If you're not tired of Canada being flaunted as the holy land for well-off Americans to flee to, you probably should be, because Canada— not unlike other nations has been complicit in genocide, imperialism and more—has blood on its hands.

Somehow despite having committed genocide against its aboriginal, native peoples, its image has remained pure, so long as your leader has a white handsome face.

According to The Huffington Post article, "Canada Just Confronted Its 'Cultural Genocide' Of Native People. Why Can't The U.S. Do The Same?" by Julian Brave Noisecat, Canadian natives have been put through endless tribulations, much like those whose land Americans now reside on and have for centuries. 

In a recent self-exposé, Canadian government has admitted openly to having moved Native children around like cargo, pushed into Native American-specific boarding schools. Reports have found the schools, which operated between 1883 and 1996, to be responsible for the deaths of over 6,000 of the 150,000 enlisted children, as they were subject to nutritional experiments and subject to untreated, disregarded disease.

According to The Huffington Post article, "This is slightly higher than the one in 26 rate at which Canadians died in World War II. In the early years of the program, half of all children who attended the schools perished."

The United Nations has been urging Canada to declare its past treatment of its aboriginal peoples as genocide, in regards to not only its residential school system, but also, "the forcible removal of aboriginal children from their homes for the purpose of adoption by white families, a practice known as the "Sixties Scoop," according to The Huffington Post article, "UN Urged To Declare Canada's Treatment Of Aboriginals 'Genocide'" by Michael Bolen. First Nations people were starved to make way for settlers, indigenous women are murdered and kidnapped at alarming rates ...  oh I could go on and on.  

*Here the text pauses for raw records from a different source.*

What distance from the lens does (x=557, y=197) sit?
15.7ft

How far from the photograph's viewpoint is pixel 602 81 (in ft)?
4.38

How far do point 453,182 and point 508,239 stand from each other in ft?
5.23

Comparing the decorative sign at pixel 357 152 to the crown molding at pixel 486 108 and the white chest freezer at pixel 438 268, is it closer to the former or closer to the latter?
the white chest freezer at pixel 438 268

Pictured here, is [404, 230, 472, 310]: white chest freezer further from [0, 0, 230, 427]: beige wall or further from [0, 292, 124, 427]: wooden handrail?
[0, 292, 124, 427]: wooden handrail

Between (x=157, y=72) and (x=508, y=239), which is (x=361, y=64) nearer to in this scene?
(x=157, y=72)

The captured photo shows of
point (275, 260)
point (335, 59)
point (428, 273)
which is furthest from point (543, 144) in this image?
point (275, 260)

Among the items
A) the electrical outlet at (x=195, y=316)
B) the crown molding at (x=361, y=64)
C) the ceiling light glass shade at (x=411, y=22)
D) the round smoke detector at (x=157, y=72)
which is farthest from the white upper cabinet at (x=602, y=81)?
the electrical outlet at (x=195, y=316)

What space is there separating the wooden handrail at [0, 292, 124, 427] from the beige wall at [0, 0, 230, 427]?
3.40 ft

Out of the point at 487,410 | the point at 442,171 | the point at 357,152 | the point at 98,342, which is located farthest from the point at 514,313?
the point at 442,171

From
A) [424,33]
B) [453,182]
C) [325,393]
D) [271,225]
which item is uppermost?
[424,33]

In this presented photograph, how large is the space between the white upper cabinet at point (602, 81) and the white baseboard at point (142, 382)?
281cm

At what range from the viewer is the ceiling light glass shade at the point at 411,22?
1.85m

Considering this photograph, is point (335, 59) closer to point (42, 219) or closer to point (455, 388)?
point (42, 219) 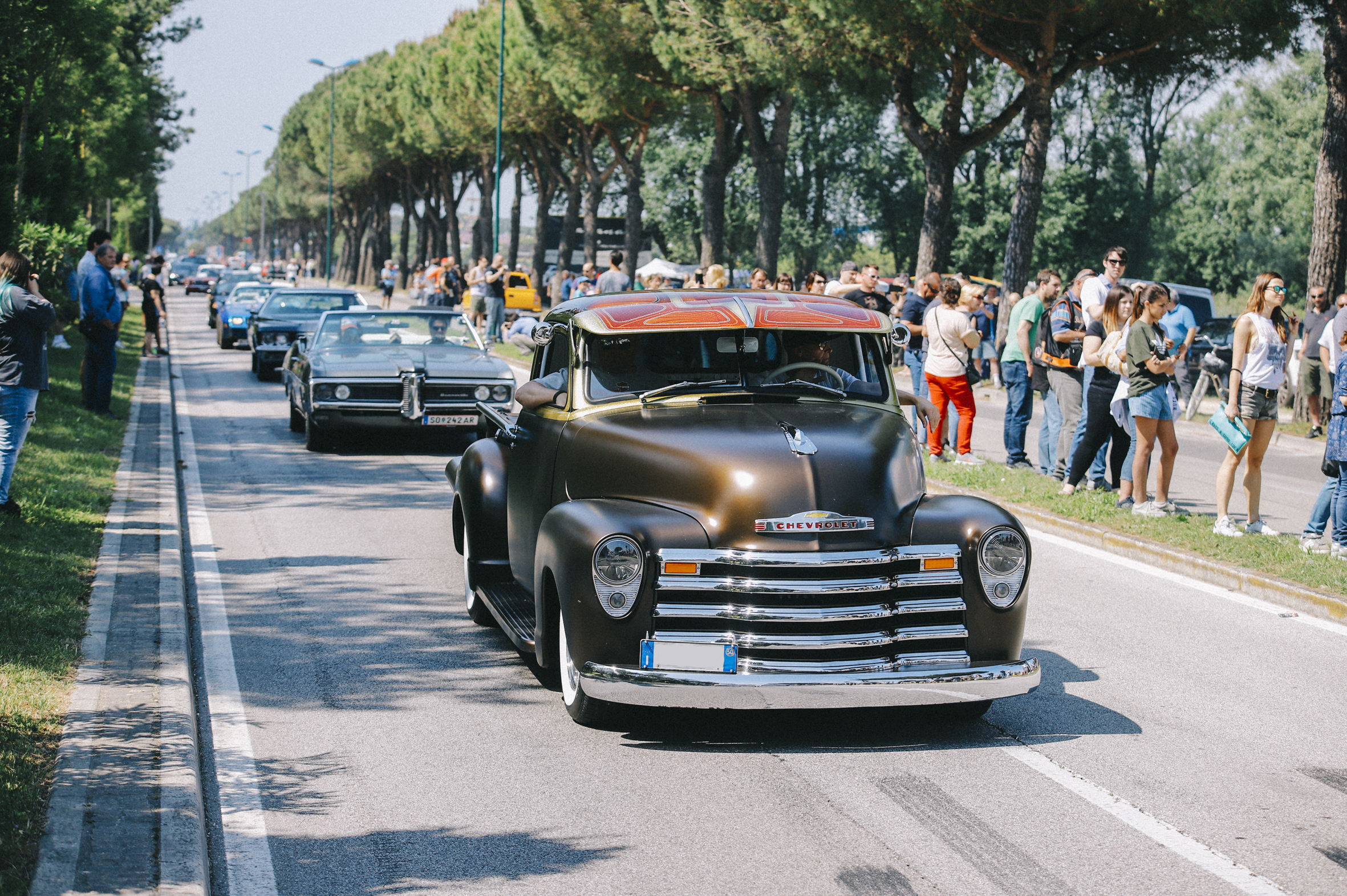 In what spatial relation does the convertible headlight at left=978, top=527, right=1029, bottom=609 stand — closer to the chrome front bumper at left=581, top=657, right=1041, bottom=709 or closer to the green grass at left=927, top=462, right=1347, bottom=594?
the chrome front bumper at left=581, top=657, right=1041, bottom=709

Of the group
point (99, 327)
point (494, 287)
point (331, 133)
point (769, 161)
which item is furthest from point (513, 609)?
point (331, 133)

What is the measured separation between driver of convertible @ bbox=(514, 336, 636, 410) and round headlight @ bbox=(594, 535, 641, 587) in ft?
4.28

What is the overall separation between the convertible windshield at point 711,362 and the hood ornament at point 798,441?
633 mm

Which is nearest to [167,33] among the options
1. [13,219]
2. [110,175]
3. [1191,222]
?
[110,175]

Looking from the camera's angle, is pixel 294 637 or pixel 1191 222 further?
pixel 1191 222

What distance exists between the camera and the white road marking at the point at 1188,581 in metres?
7.94

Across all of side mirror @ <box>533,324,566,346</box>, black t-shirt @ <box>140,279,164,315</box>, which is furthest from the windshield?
side mirror @ <box>533,324,566,346</box>

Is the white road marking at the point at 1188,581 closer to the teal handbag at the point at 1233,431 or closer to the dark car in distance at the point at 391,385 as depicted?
the teal handbag at the point at 1233,431

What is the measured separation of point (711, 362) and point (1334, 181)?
17.4m

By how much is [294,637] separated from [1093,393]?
22.3ft

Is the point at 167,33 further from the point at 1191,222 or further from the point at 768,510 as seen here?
the point at 768,510

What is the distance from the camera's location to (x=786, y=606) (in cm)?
521

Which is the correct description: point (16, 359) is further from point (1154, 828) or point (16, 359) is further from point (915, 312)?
point (915, 312)

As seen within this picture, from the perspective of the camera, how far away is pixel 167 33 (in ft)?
168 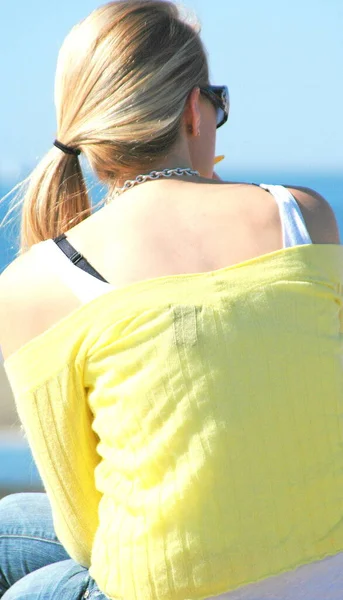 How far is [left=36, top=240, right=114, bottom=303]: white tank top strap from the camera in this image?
1130 mm

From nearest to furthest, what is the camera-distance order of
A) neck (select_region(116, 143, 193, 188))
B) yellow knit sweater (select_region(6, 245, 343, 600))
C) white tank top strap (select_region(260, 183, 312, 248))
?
yellow knit sweater (select_region(6, 245, 343, 600))
white tank top strap (select_region(260, 183, 312, 248))
neck (select_region(116, 143, 193, 188))

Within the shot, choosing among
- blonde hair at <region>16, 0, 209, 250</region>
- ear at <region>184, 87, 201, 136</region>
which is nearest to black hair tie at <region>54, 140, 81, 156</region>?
blonde hair at <region>16, 0, 209, 250</region>

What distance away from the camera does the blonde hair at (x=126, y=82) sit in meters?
1.26

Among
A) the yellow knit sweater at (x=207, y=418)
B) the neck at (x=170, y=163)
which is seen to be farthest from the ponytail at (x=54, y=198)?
the yellow knit sweater at (x=207, y=418)

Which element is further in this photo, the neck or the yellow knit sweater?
the neck

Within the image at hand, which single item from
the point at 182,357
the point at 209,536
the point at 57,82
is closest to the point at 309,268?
the point at 182,357

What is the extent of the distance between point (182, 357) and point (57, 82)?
50 cm

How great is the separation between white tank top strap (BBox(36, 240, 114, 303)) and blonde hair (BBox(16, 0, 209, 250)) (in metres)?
0.18

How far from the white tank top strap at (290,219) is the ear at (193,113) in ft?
0.52

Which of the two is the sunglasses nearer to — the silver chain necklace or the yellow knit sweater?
the silver chain necklace

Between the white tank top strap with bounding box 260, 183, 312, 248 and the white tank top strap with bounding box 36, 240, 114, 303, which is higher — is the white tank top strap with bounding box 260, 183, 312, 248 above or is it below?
below

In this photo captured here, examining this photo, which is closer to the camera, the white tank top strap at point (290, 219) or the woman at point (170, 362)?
the woman at point (170, 362)

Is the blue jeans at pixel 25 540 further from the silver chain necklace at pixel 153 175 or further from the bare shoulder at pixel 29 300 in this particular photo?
the silver chain necklace at pixel 153 175

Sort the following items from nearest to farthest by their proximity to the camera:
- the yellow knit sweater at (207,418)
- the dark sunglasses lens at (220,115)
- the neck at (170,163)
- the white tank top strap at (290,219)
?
the yellow knit sweater at (207,418)
the white tank top strap at (290,219)
the neck at (170,163)
the dark sunglasses lens at (220,115) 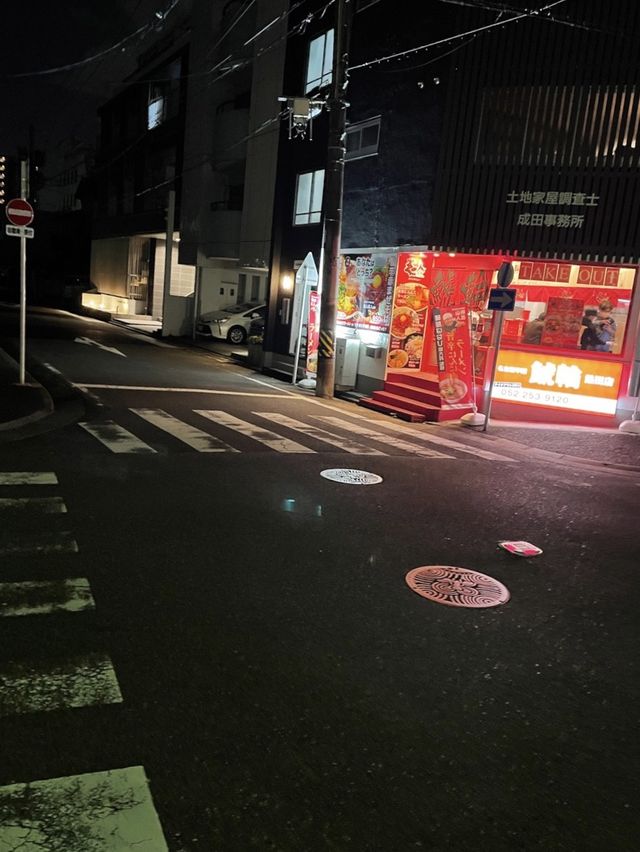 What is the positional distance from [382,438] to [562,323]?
20.1 feet

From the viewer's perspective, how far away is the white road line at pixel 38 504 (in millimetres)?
6273

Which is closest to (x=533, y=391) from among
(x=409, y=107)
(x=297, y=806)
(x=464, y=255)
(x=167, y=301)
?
(x=464, y=255)

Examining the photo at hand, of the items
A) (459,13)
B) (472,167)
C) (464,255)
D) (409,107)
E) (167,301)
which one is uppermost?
(459,13)

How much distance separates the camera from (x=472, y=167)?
1486 cm

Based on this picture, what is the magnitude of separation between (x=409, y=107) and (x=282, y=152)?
746 cm

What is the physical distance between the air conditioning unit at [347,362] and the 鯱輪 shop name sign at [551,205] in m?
5.49

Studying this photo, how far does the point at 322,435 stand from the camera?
1122 cm

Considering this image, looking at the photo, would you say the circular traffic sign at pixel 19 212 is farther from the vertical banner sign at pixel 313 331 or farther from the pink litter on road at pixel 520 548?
the pink litter on road at pixel 520 548

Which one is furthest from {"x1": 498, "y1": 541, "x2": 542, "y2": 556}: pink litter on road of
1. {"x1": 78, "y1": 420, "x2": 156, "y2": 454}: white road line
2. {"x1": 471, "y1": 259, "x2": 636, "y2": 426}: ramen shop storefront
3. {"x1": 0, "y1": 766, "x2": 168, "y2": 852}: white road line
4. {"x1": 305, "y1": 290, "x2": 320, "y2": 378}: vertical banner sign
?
{"x1": 305, "y1": 290, "x2": 320, "y2": 378}: vertical banner sign

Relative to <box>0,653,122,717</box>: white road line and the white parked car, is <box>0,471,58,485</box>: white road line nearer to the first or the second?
<box>0,653,122,717</box>: white road line

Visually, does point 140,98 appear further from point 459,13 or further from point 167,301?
point 459,13

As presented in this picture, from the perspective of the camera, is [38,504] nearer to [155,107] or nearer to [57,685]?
[57,685]

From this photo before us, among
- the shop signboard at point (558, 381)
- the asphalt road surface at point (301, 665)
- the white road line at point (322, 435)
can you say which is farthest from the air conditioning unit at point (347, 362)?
the asphalt road surface at point (301, 665)

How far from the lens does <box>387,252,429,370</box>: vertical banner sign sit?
1636 centimetres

This part of Canadian history is but one buried truth which has tainted its image, yet we still speak of it as a healthcare haven, a diverse land of acceptance — a nation that has everything we lack, when in fact, Canada is infected with rampant gun violence, racism and poverty just as we are in the U.S.

It turns out, though, the popularization of Canadian real estate focusing on Cape Breton primarily comes from those very Syrian refugees who have fled a war-torn country. And so, the majority of people seeking out shelter on Cape Breton are doing so because they have nowhere else to go. According to The Washington Post article, "These were the people moving to Cape Breton: refugees from the Syrian war who not only left their country but had to flee it. 54 had come so far."

I hope these refugees are welcomed warmly in their new Canadian residences, but to those who joke around about their ability to both afford and adjust to a lifestyle change whenever they wish, brush up on reevaluating your priorities. 

If America is too tainted of a nation for you to stay in and learn to accept its faults and work towards righting its wrongs, Canada may not be your best second choice.